Case Study: The Creation of Australia’s National Broadband Network

Abstract: 

Australia’s first electronic communication network, the telephone service, was developed as a government monopoly, following the established model of the postal service. It included a modified idea of the postal cross subsidy (known as the ‘Universal Service Obligation’) that minimised the discrepancy between the cost of provision of services to customers in urban and rural settings. The telephone organisation, known as the PMG, then Telecom, was privatised and opened to competition between 1997 and 2006, and is now known as Telstra.

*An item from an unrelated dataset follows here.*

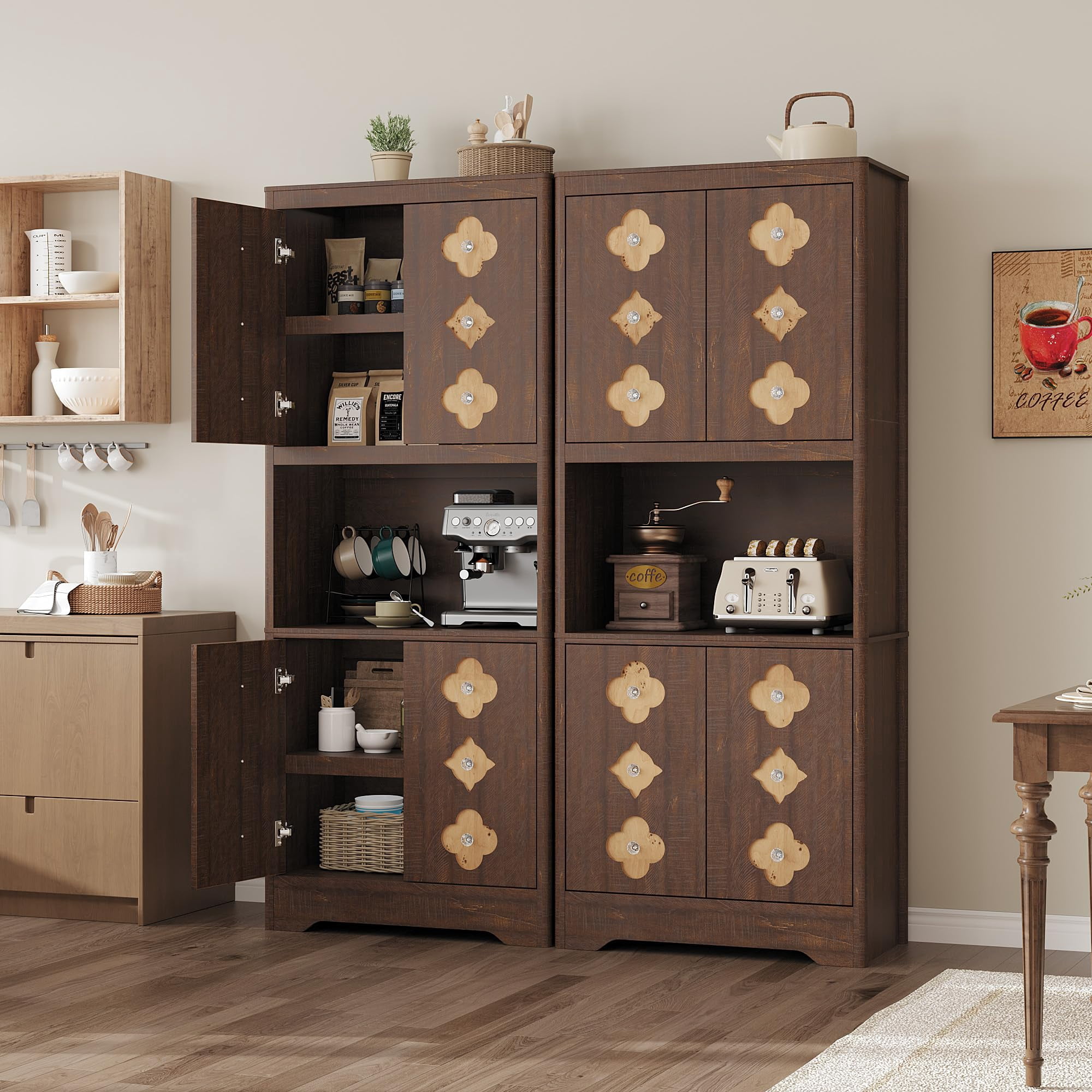 Kitchen Pantry Cabinet, 72" Tall Storage Cabinet with Countertop, Freestanding Wooden Hutch Cupboard with Carved Door & Crystal Handle, for Dining Room, Living Room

With the growth in digital communication in the latter part of the 20th
century, the demand for a dedicated digital communication network grew. Between 2002 and 2009 there were numbers of initiatives by government and the private sector, alone or in combination, to create such a network, but with no successful outcomes.

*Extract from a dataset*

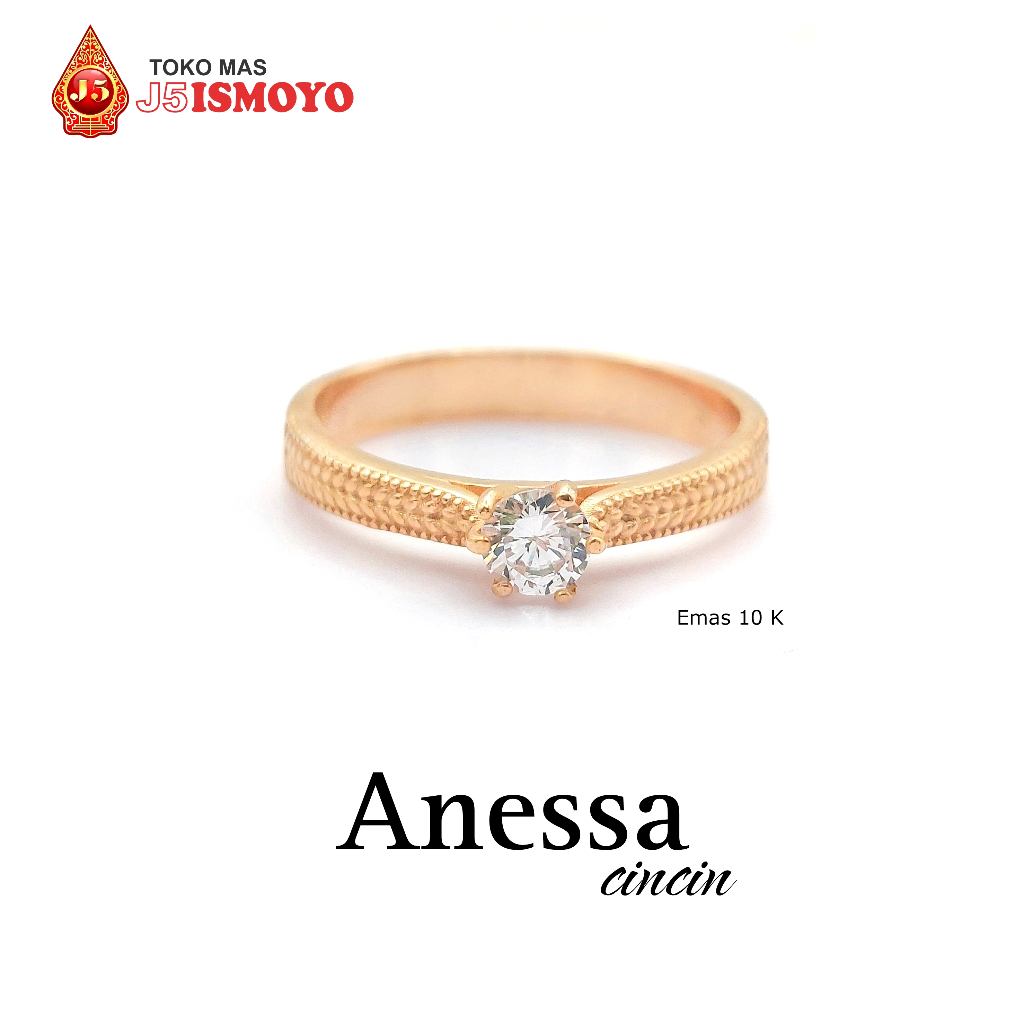 Cincin Emas Anessa Soliter Ring Motif (Bisa untuk wedding ring) J5 Ismoyo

In April 2009, then Prime Minister Kevin Rudd, leader of the Labor government, announced the government’s intention to create a network to:

  • Connect 90 per cent of all Australian homes, schools and workplaces with broadband services with speeds up to 100 megabits per second – 100 times faster than those currently used by many households and businesses. 
  • Connect all other premises in Australia with next generation wireless and satellite technologies that will deliver broadband speeds of 12 megabits per second.’[1]

And establish a company:

  • ‘…jointly owned by the Government and the private sector [that] will invest up to $43 billion over 8 years to build the National Broadband Network’, [2]
    the NBN.

From that time on, the project became a ‘political football’, the site of poorly informed but expedient political decisions and an issue at an election that changed the party of government. Now, a decade on, the NBN is approaching completion, with a scaled down ambition, a cost estimated to run to $74 billion to $84 billion and a completion date in the mid 2020s.

It is a story of the ascendency of sectional and illinformed political considerations over good engineering ones, and a conservative party’s hatred of another political party: one in which the exercise of political power over an essential media and communication development eclipsed national interest.